- REQUIRED ACTION -
Please write out the full listing beneath this line exactly, skipping its images.

- GIVEN MATERIAL -

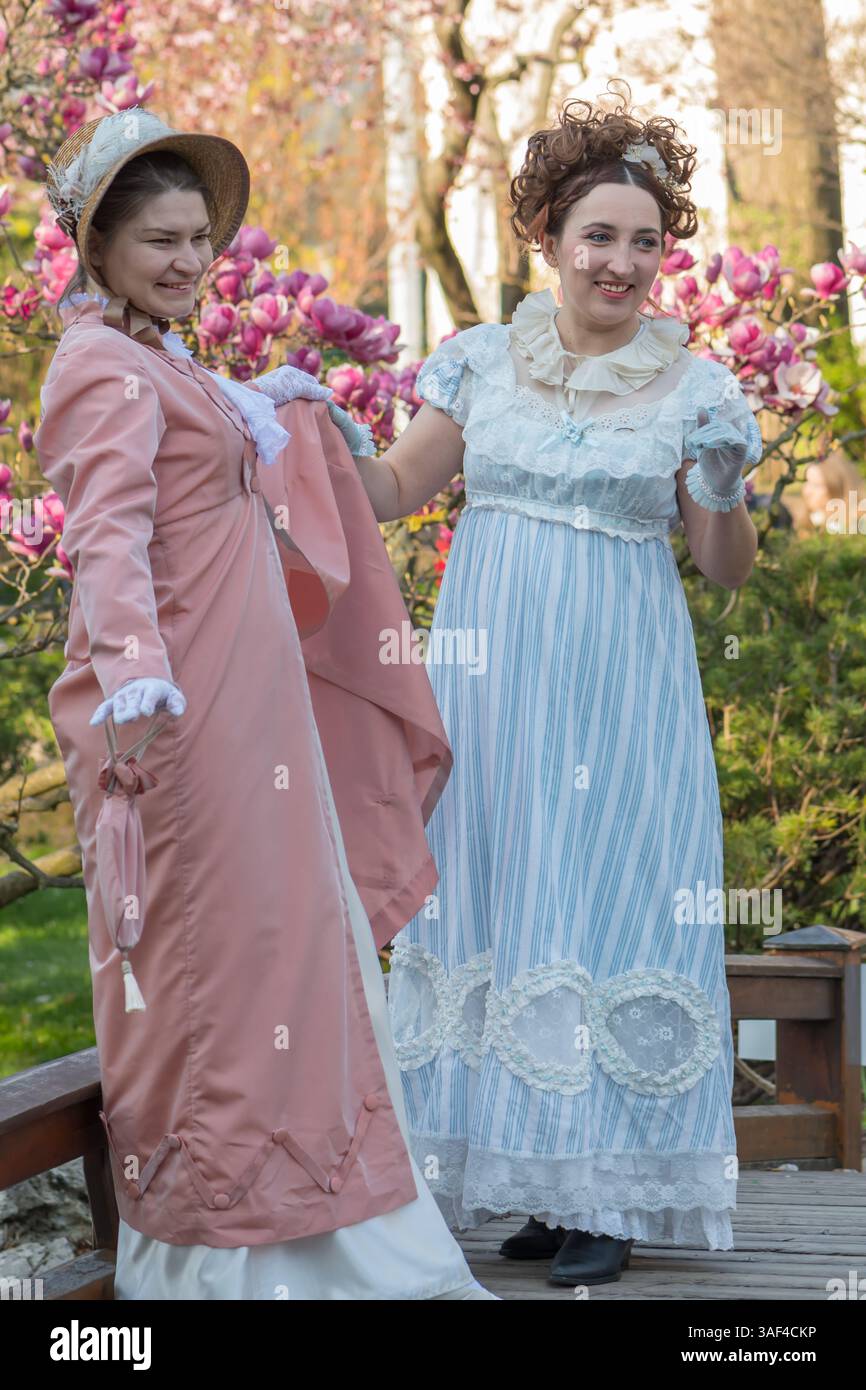 Una scena del passato - donne in abiti vintage sullo sfondo di alberi di magnolia in fiore Foto Stock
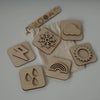 Sandstempel aus Holz mit Wettersymbolen, handgefertigt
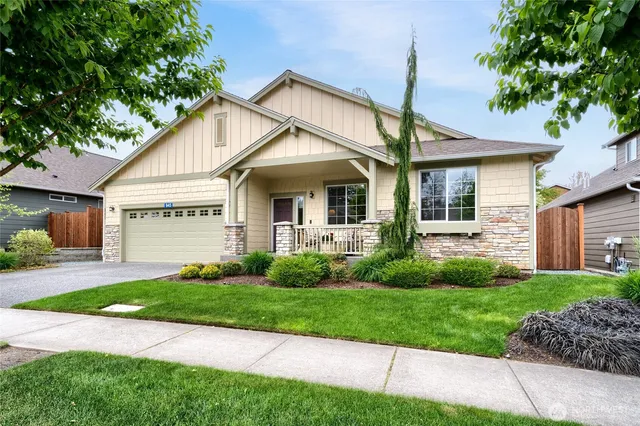 a view of a white house next to a yard with potted plants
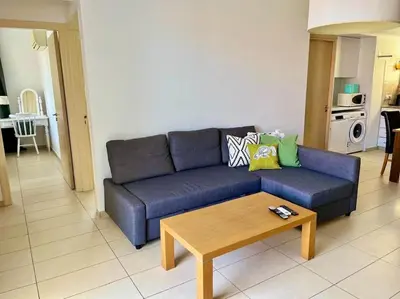 a living room with a blue couch and a coffee table at Eliza Suite at Pernera Beach in Protaras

- YOUR RESPONSE -
 Una scena del passato - donne in abiti vintage sullo sfondo di alberi di magnolia in fiore Foto Stock
 Sandstempel aus Holz mit Wettersymbolen, handgefertigt
 a view of a white house next to a yard with potted plants
 a living room with a blue couch and a coffee table at Eliza Suite at Pernera Beach in Protaras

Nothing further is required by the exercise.